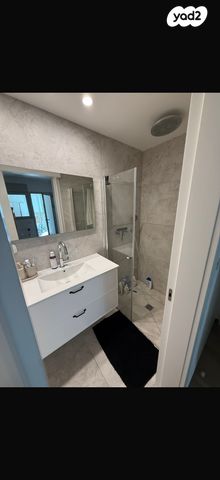 דירת גן, בנימין ד'ישראלי 12, אחוזה, חיפה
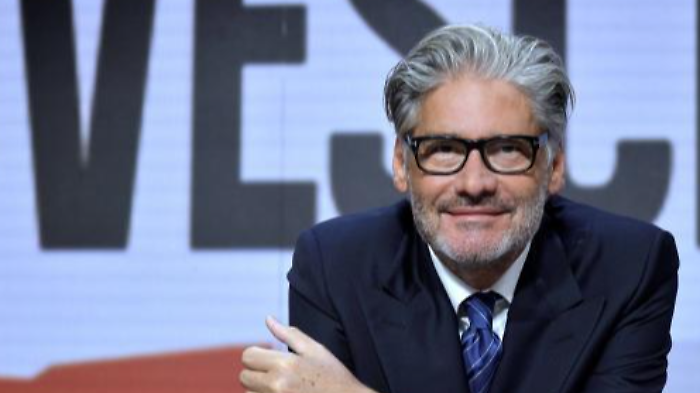 Dritto e rovescio stasera in tv giovedì 30 gennaio su Rete 4: anticipazioni e inchieste del programma di Paolo Del Debbio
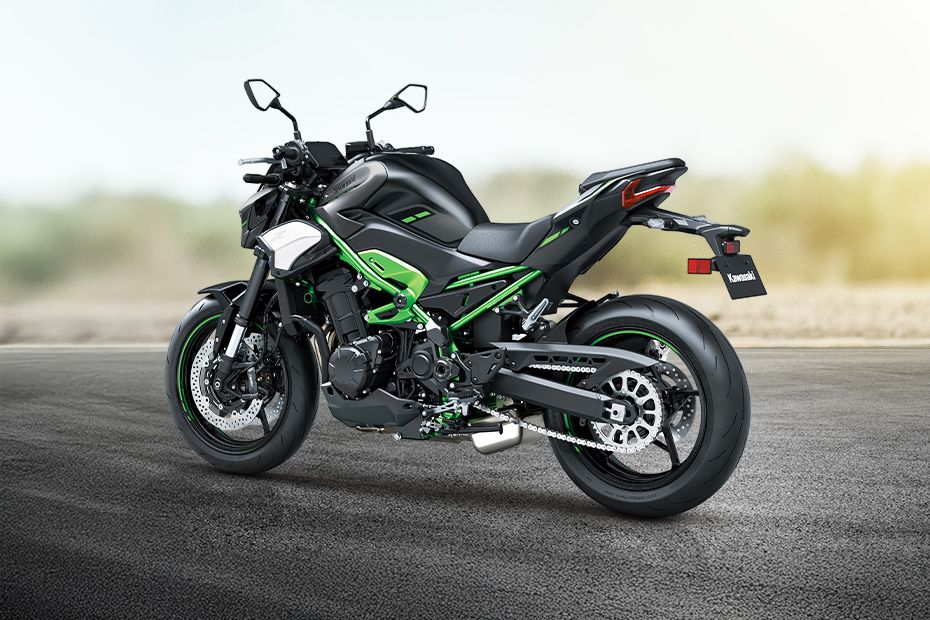 Rear Left View of Z900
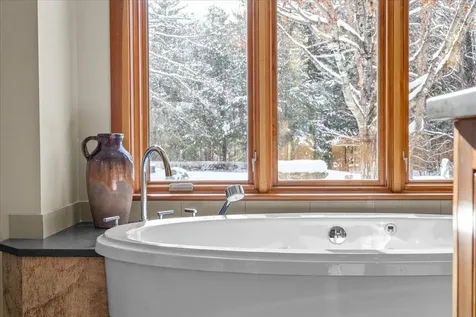 155 Owls Head Spur Stowe VT 05672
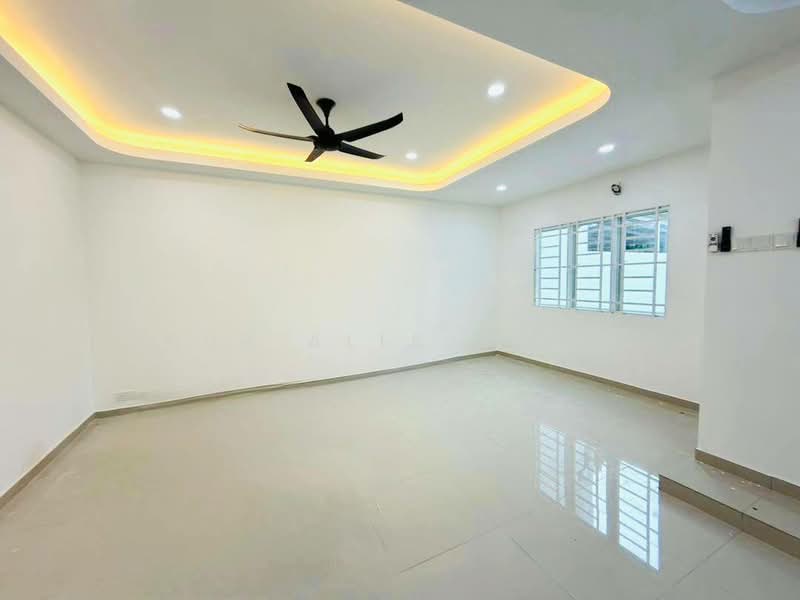 Rumah Teres 2 Tingkat untuk Dijual di Klang (Selangor) - Nur Alia Omar - Living Room - PropertyGuru.com.my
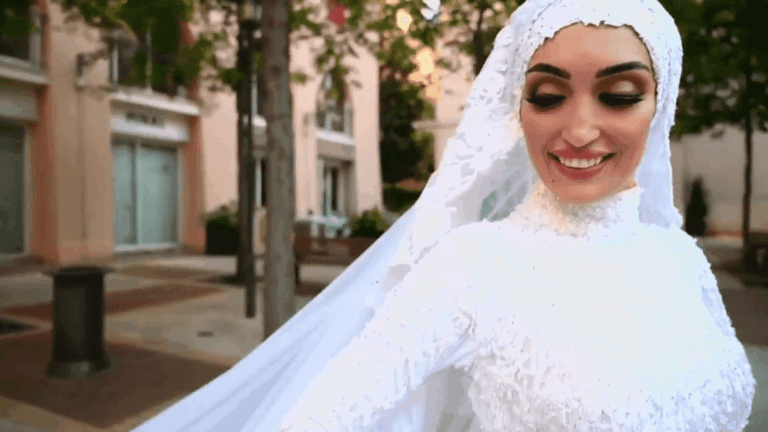 Explosão no Líbano interrompe ensaio de noiva; Veja o momento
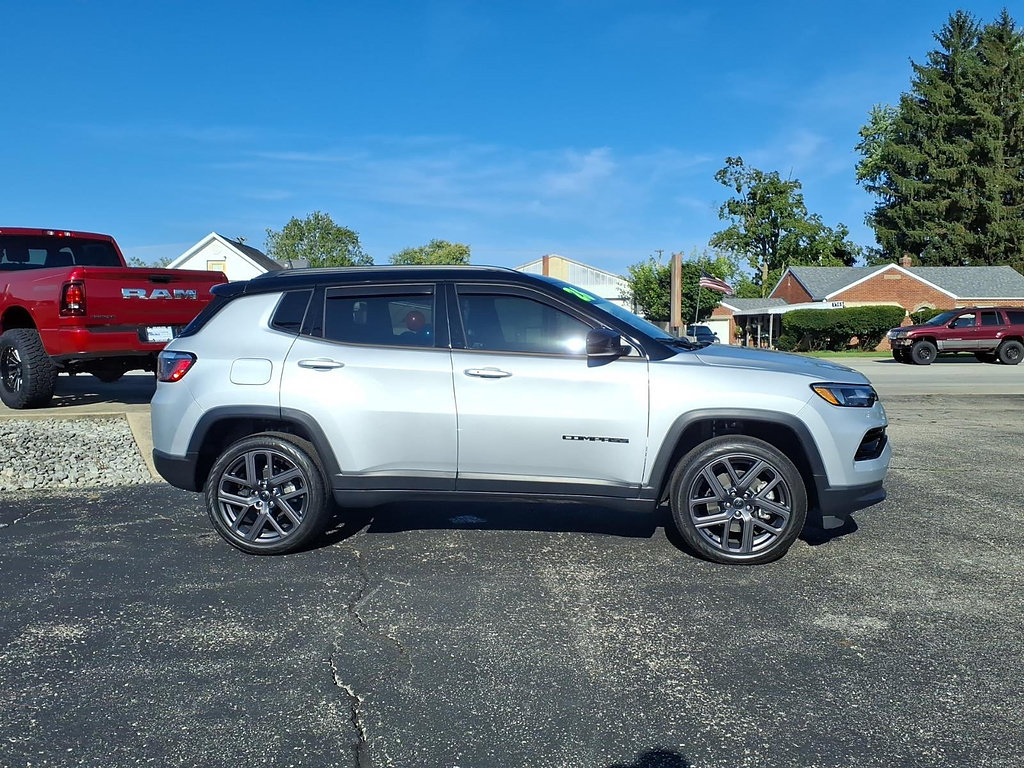 Used 2026 Jeep Compass Limited AWD/4WD image 8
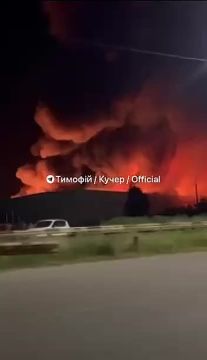 В результате удара БпЛА загорелся крупный склад в пригороде Днепра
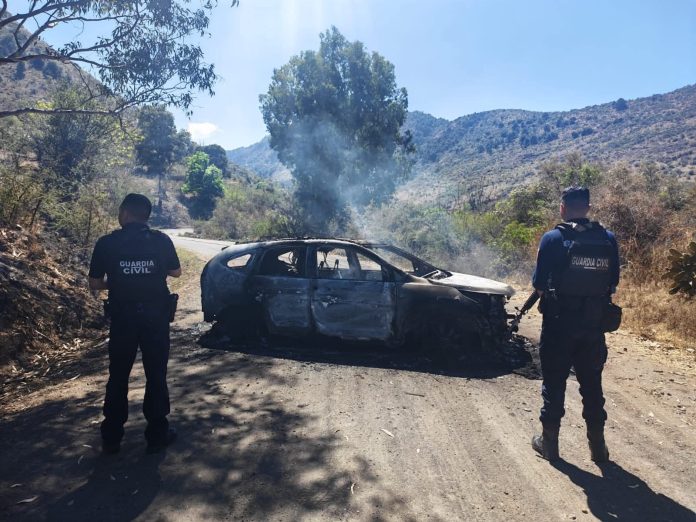 Sujetos atraviesan y queman un vehículo en un rústico camino de Queréndaro Sujetos atraviesan y queman un vehículo en un rústico camino de Queréndaro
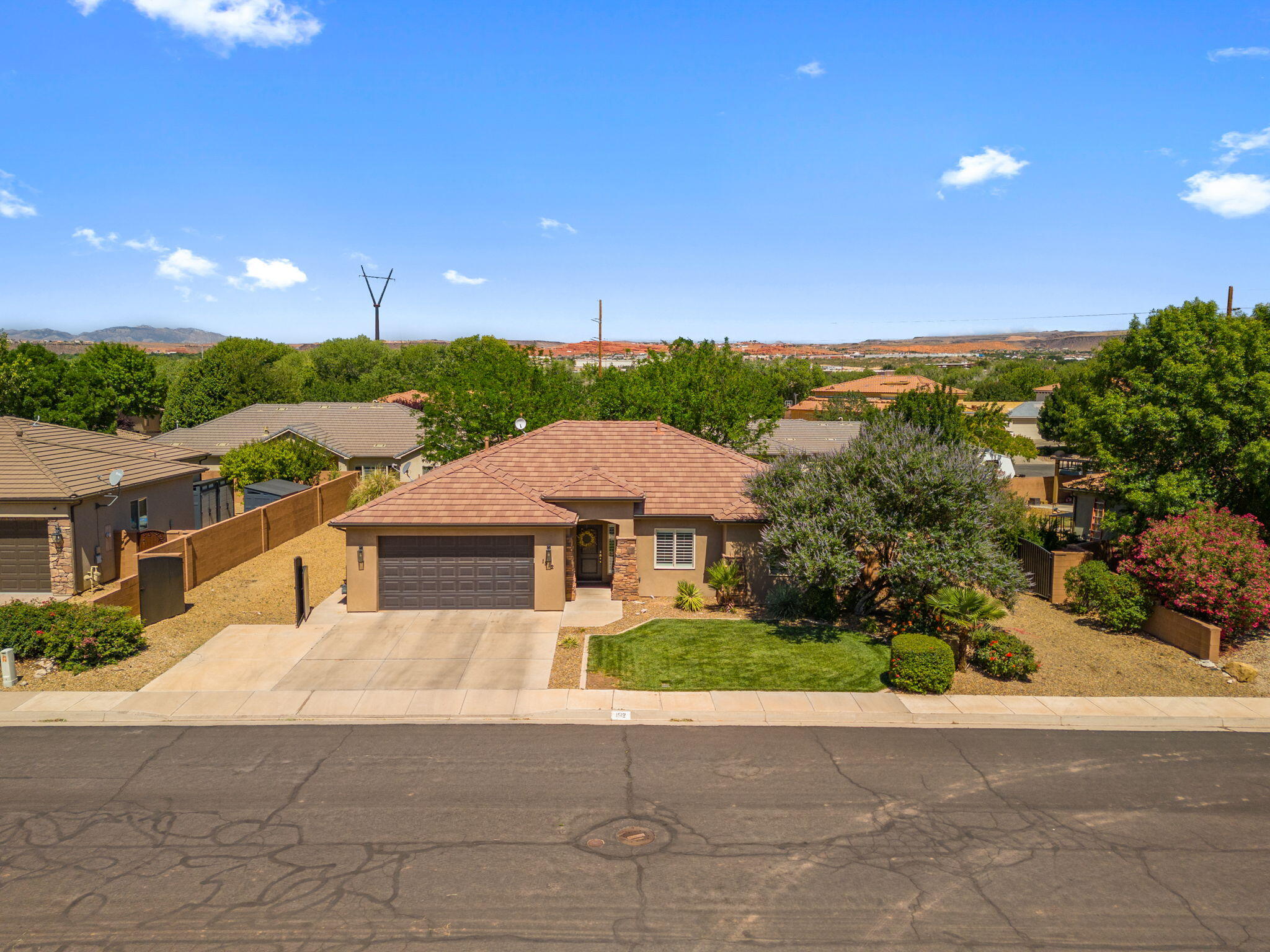 HERITAGE FIELDS - Residential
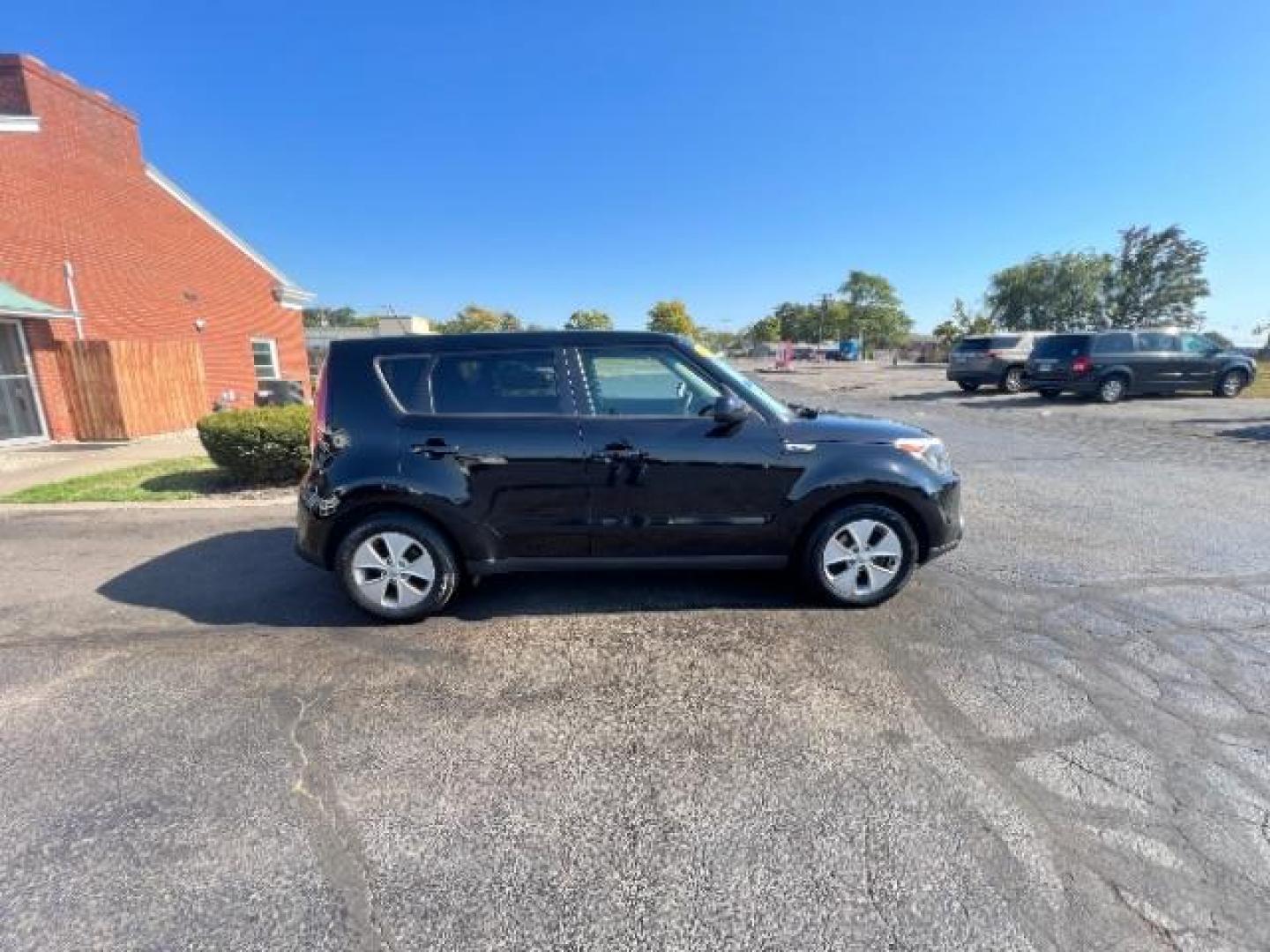 2015 Shadow Black Kia Soul Base (KNDJN2A29F7) with an 1.6L L4 DOHC 16V engine, located at 1184 Kauffman Ave, Fairborn, OH, 45324, (937) 908-9800, 39.807072, -84.030914 - Photo#11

_____

Above are some records. Reproduce the lines from the one with "de Queréndaro Sujetos" down to the one with "HERITAGE FIELDS - Residential", keeping both, and leave every picture out.

 Sujetos atraviesan y queman un vehículo en un rústico camino de Queréndaro Sujetos atraviesan y queman un vehículo en un rústico camino de Queréndaro
 HERITAGE FIELDS - Residential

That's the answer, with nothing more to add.